Image-text web data
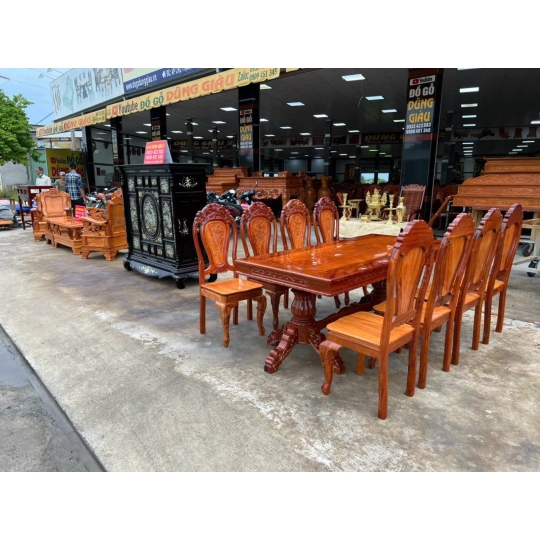 Bàn dài hàng giao cho khách ở Huyện Nhà Bè TPHCM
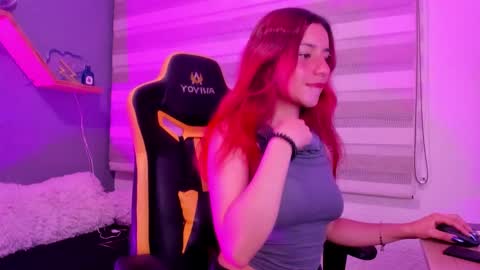 Snapshot of gabrielaa_castro chatting on 11/12/25, 09:58 gabi online show from 11/12/25, 09:58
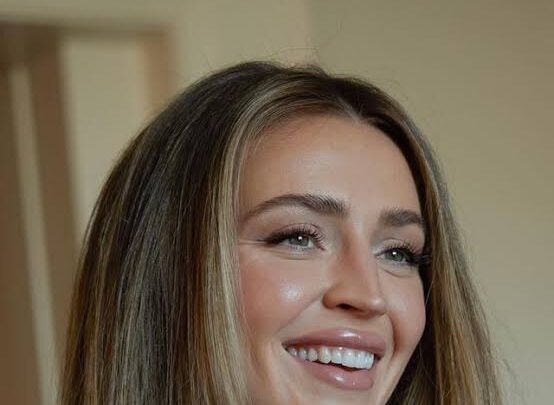 Allana Davison Biography: Fiancé, Net Worth, Age, Height, Parents, Instagram, Parents, Nationality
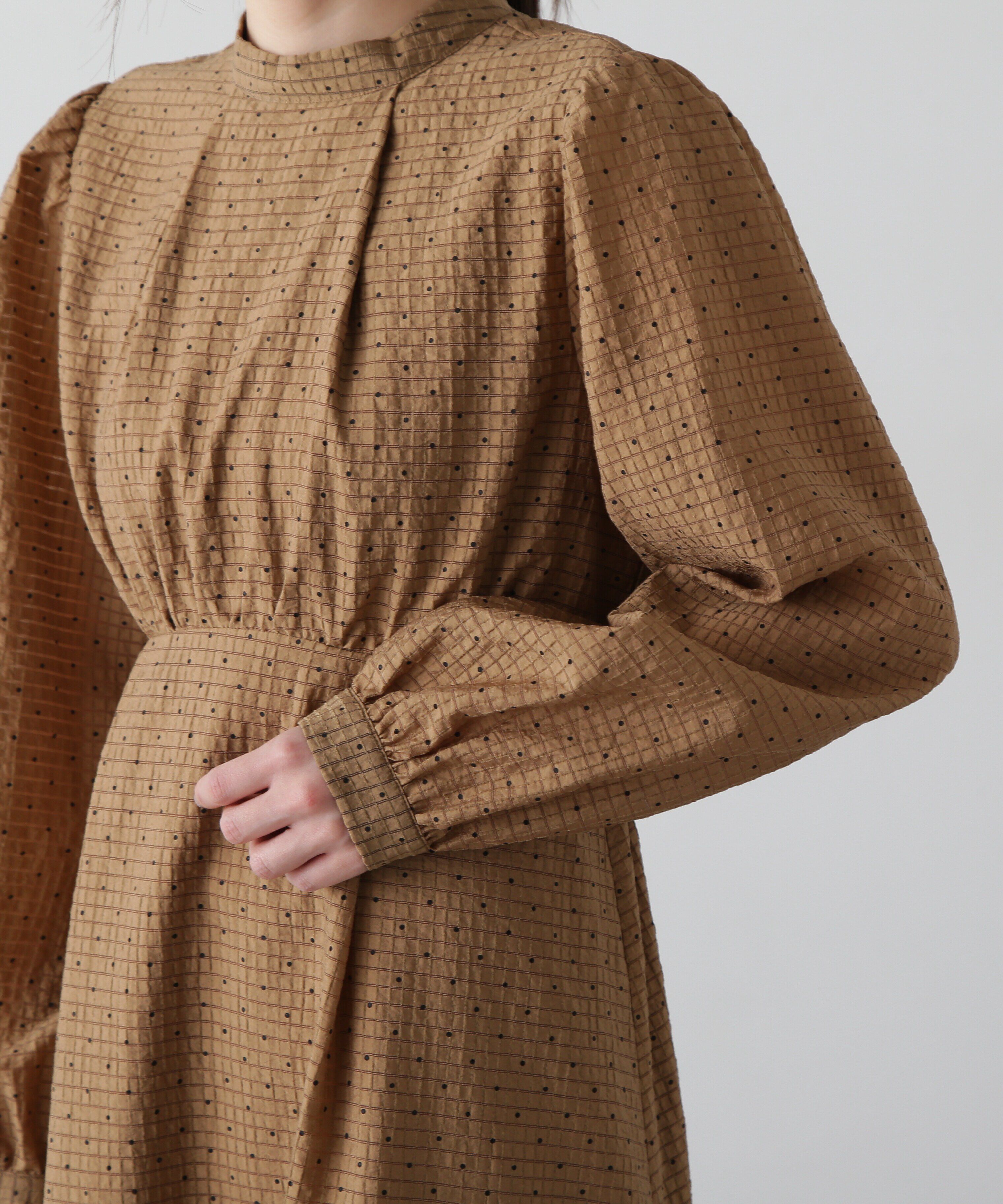  「透かしドットボリュームスリーブワンピース」|ワンピース|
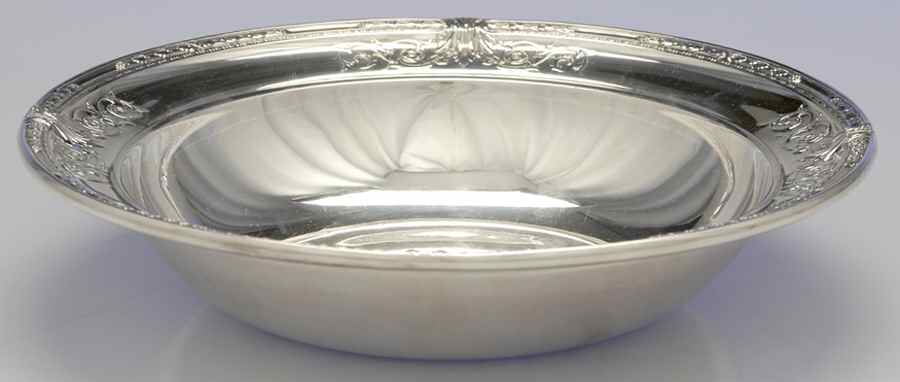 2425 (Silverplate, Hollowware) 9" Round Vegetable Bowl by Wilcox Silverplate-1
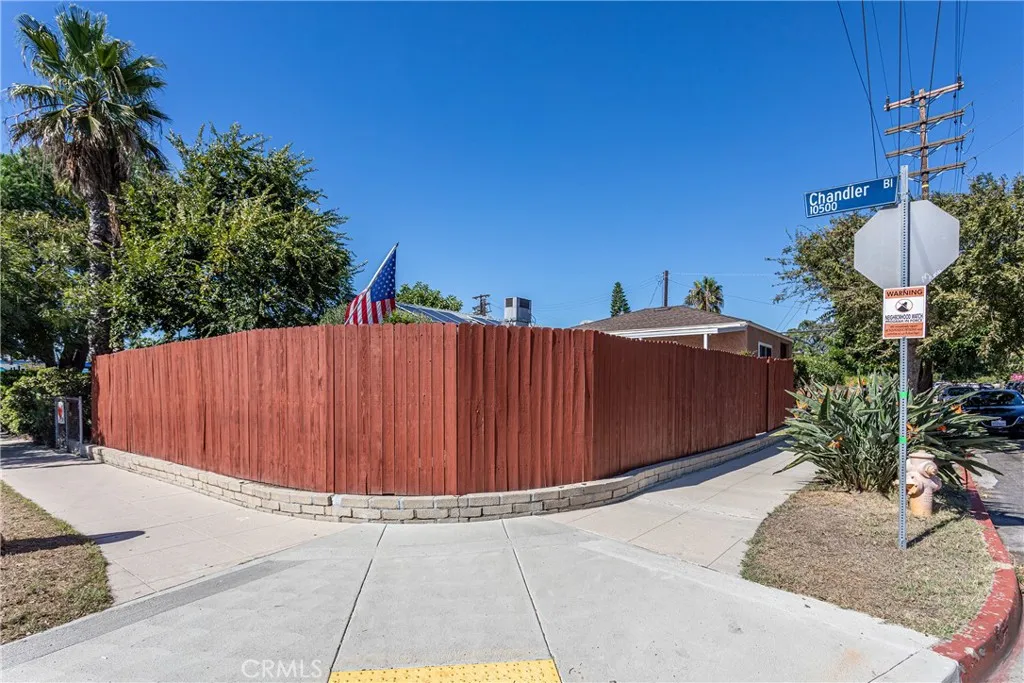 5407 Auckland, North Hollywood, California 91601 home-pic-49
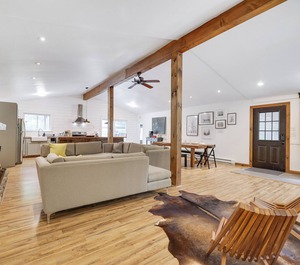 Locust Cottage 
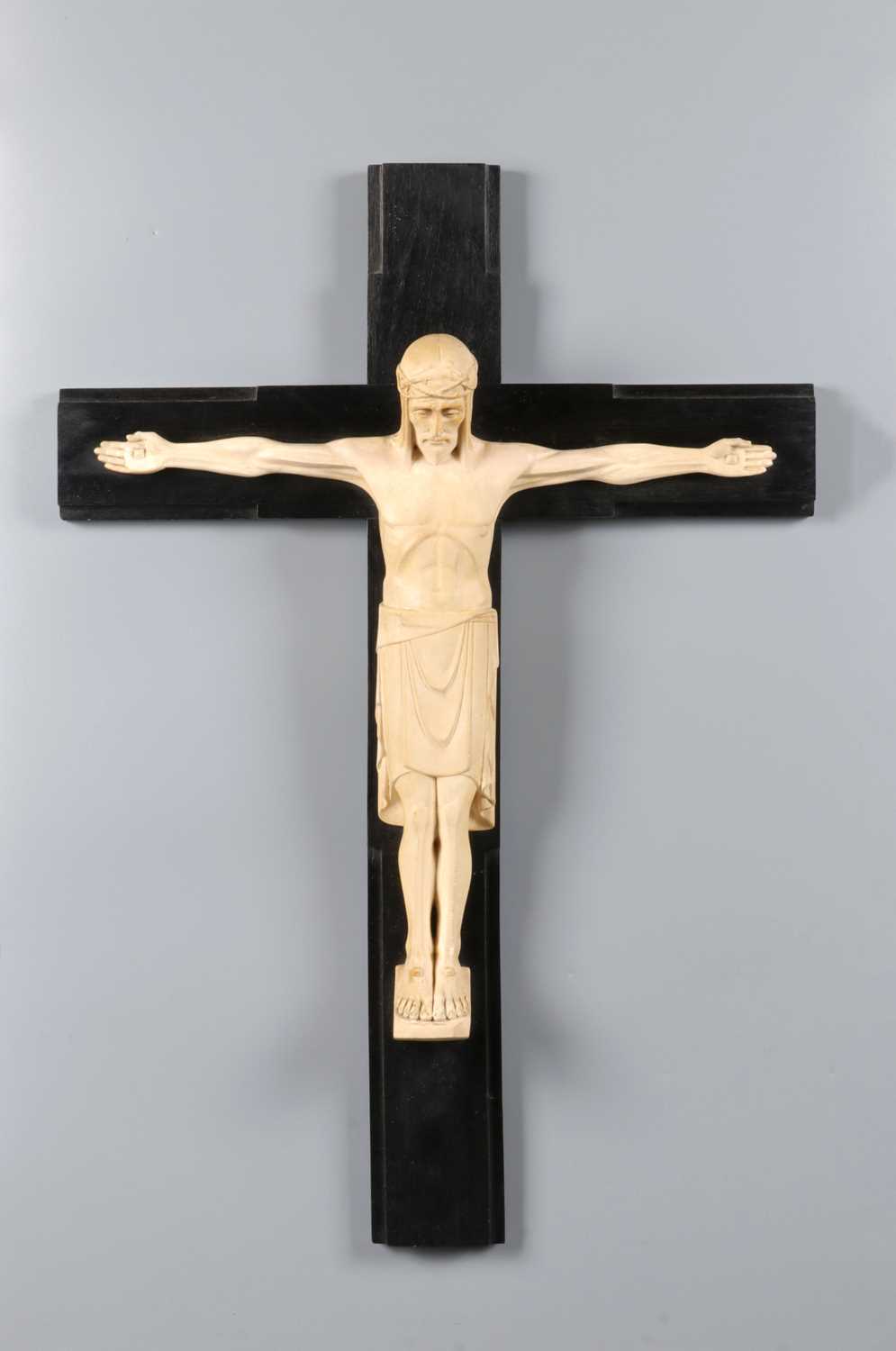 Lot 130 - Art Deco Ceramic Corpus Christi on Lacquered Wooden Cross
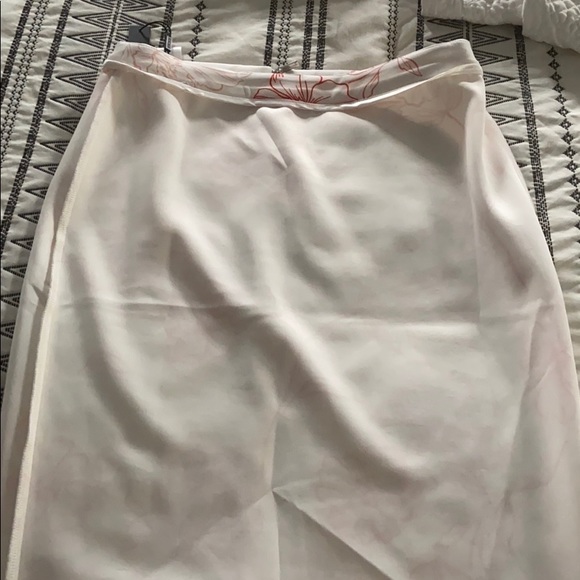 NEW TAHARI Skirt - Picture 5 of 9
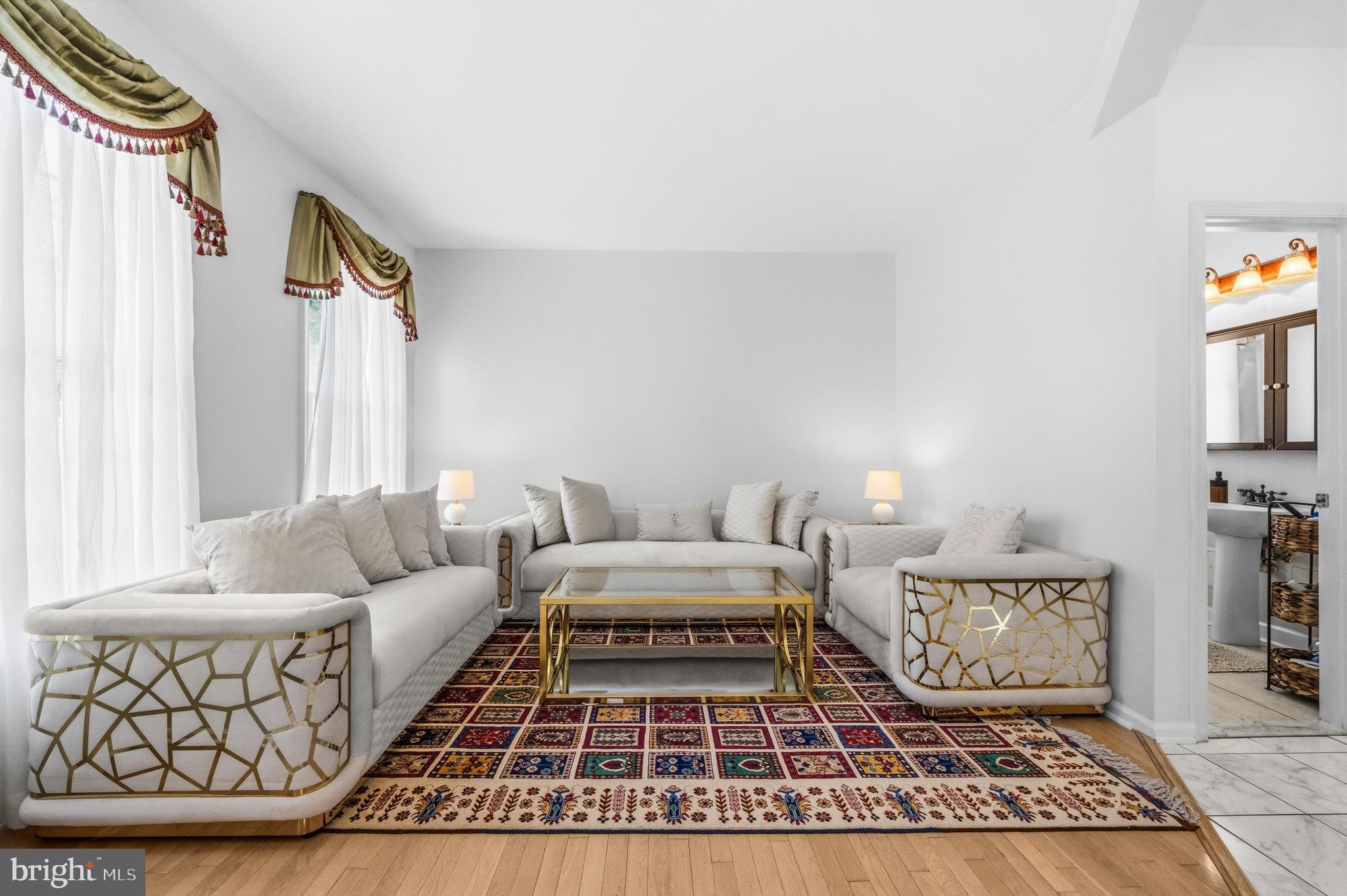 WASHINGTONIAN WOODS - Residential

_WHAT THIS TASK INVOLVES_. The records above, minus their pictures, are to be returned verbatim.

_OUTPUT FOR THIS TASK_.
 Bàn dài hàng giao cho khách ở Huyện Nhà Bè TPHCM
 Snapshot of gabrielaa_castro chatting on 11/12/25, 09:58 gabi online show from 11/12/25, 09:58
 Allana Davison Biography: Fiancé, Net Worth, Age, Height, Parents, Instagram, Parents, Nationality
  「透かしドットボリュームスリーブワンピース」|ワンピース|
 2425 (Silverplate, Hollowware) 9" Round Vegetable Bowl by Wilcox Silverplate-1
 5407 Auckland, North Hollywood, California 91601 home-pic-49
 Locust Cottage 
 Lot 130 - Art Deco Ceramic Corpus Christi on Lacquered Wooden Cross
 NEW TAHARI Skirt - Picture 5 of 9
 WASHINGTONIAN WOODS - Residential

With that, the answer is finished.